UDP	`stream_type: "socket"` with `udp://` endpoint URIs	`daqiri_bench_socket`	Datagram baseline against Linux networking. UDP payloads must be at most `65507` bytes.
RoCE/RDMA	`stream_type: "socket"` and `roce://` endpoint URIs	`daqiri_bench_rdma`	Compare DAQIRI RDMA verbs against tools such as `ib_send_bw` or `ib_write_bw`.

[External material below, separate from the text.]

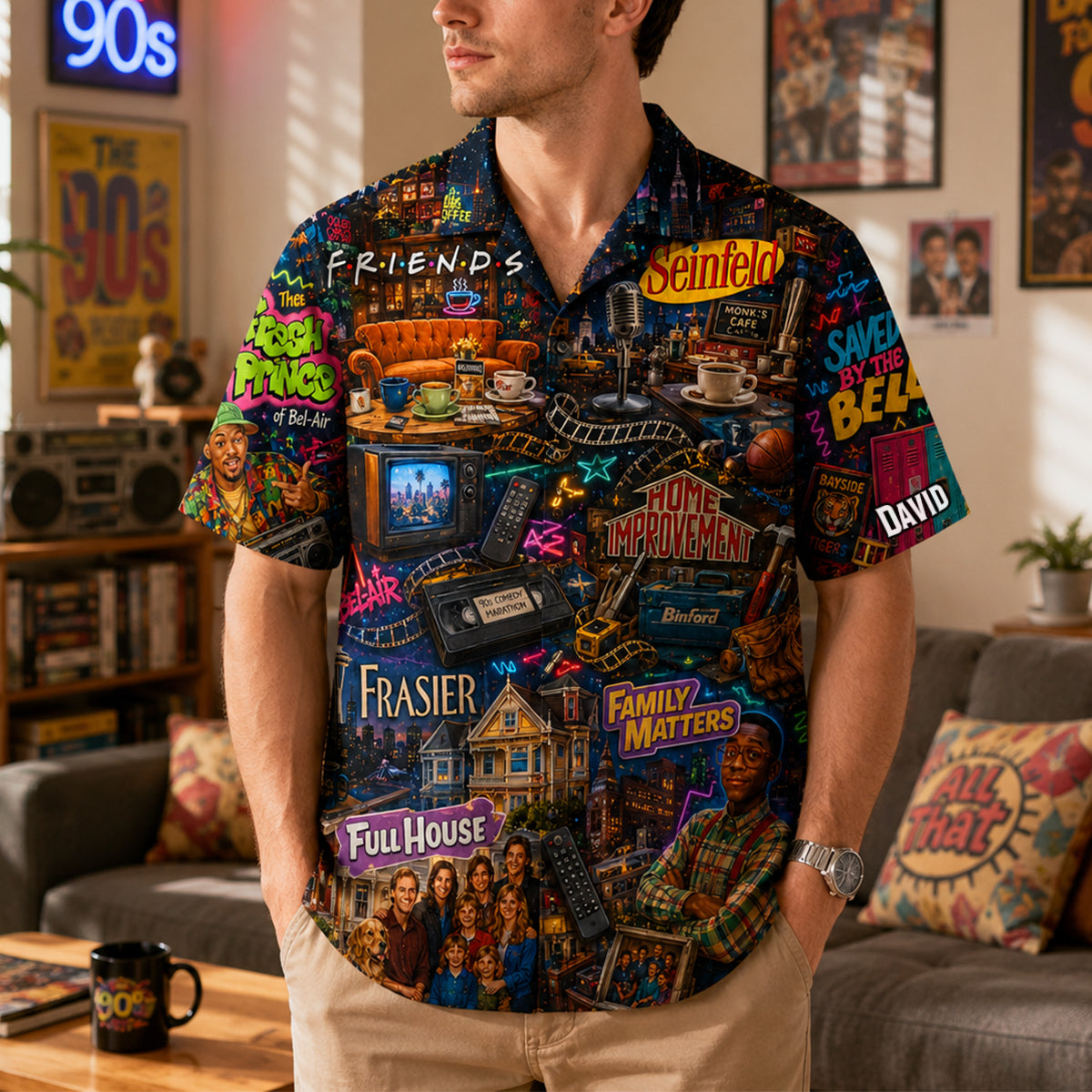“Embrace the 90s Vibe” - Retro 90s Nostalgia Hawaiian Shirt - Personalized Gift for Fans, Friends, and Family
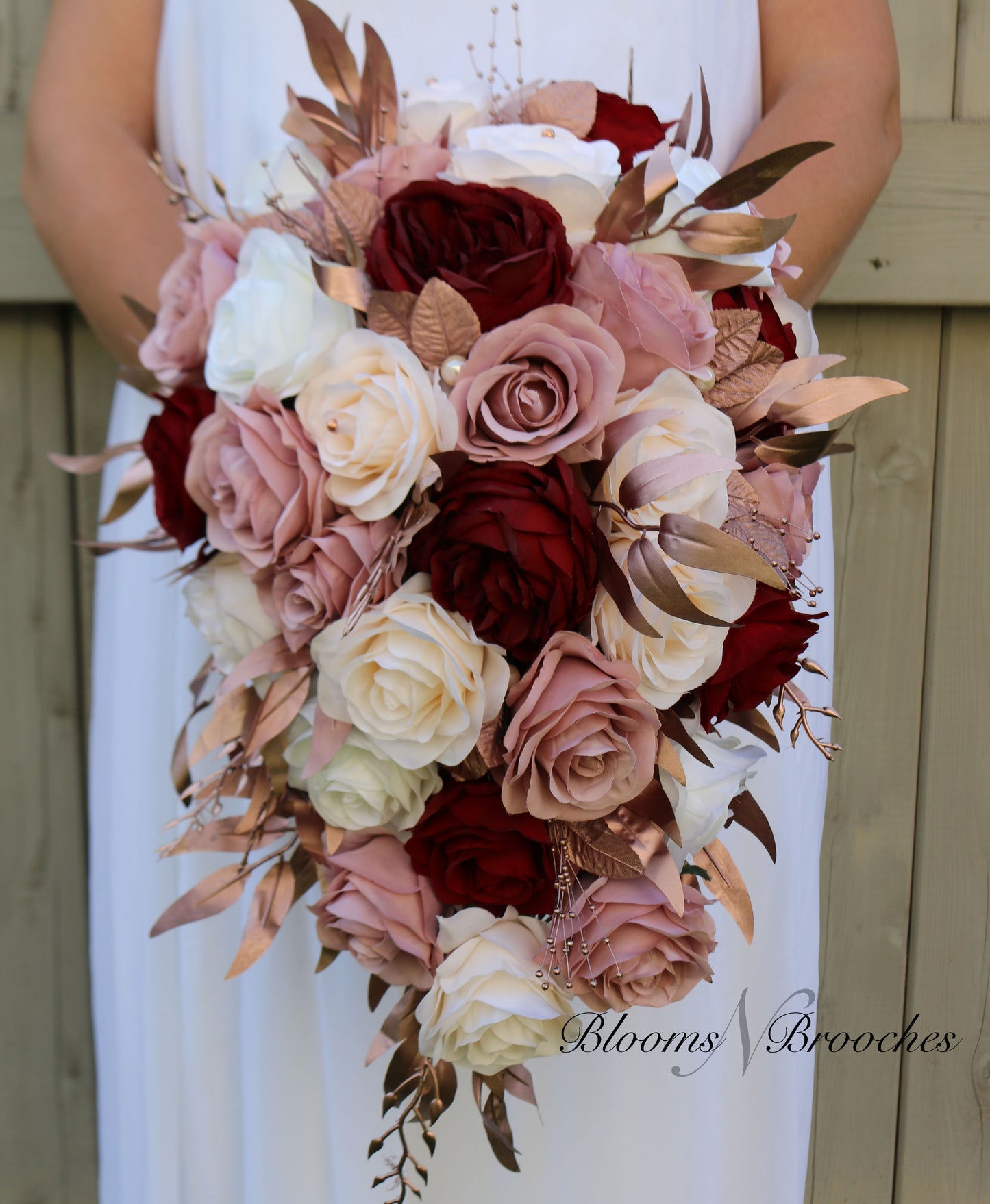 Rose Gold Cascade Bouquet, Dusty Rose Burgundy Bridal Bouquet, Artificial Wedding Bouquet Cascade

Build and launch a test shell¶

Build the socket and RDMA benchmarks inside the DAQIRI container:

docker run --rm --privileged --network=host --gpus all --ipc=host \
  --user "$(id -u):$(id -g)" \
  -v /dev/hugepages:/dev/hugepages \
  -v "$PWD:/work" \
  -w /work daqiri:local \
  bash -lc 'cmake -S . -B build-socket-rdma \
    -DBUILD_SHARED_LIBS=ON \
    -DDAQIRI_BUILD_PYTHON=OFF \
    -DDAQIRI_ENGINE="dpdk ibverbs" &&
    cmake --build build-socket-rdma \
      --target daqiri_bench_socket daqiri_bench_rdma -j"$(nproc)"'

Run the benchmark setup commands as root. The easiest path is a privileged, host-networked DAQIRI container:

docker run --rm -it --privileged --network=host --pid=host --ipc=host \
  --gpus all \
  -v "$PWD:/work" \
  -v /tmp:/tmp \
  -w /work daqiri:local bash

Install network tools inside the container if needed:

apt-get update
apt-get install -y iproute2 iputils-ping ethtool iperf3 rdma-core ibverbs-utils

Create isolated namespaces¶

Choose one transmit-facing interface and one receive-facing interface. The example below uses the Spark pair that was verified to increment physical counters on the tested system. Adjust names, IPs, and MAC addresses on other machines.

CLIENT_NS=dq_wire_client
SERVER_NS=dq_wire_server

CLIENT_IF=enp1s0f0np0
SERVER_IF=enp1s0f1np1

CLIENT_IP=10.250.0.1
SERVER_IP=10.250.0.2

CLIENT_MAC=4c:bb:47:2a:ea:ed
SERVER_MAC=4c:bb:47:2a:ea:ee

MTU=9082

Create namespaces and pin routes to the physical interfaces:

ip netns delete "$CLIENT_NS" >/dev/null 2>&1 || true
ip netns delete "$SERVER_NS" >/dev/null 2>&1 || true

ip addr flush dev "$CLIENT_IF" || true
ip addr flush dev "$SERVER_IF" || true

ip netns add "$CLIENT_NS"
ip netns add "$SERVER_NS"

ip link set "$CLIENT_IF" netns "$CLIENT_NS"
ip link set "$SERVER_IF" netns "$SERVER_NS"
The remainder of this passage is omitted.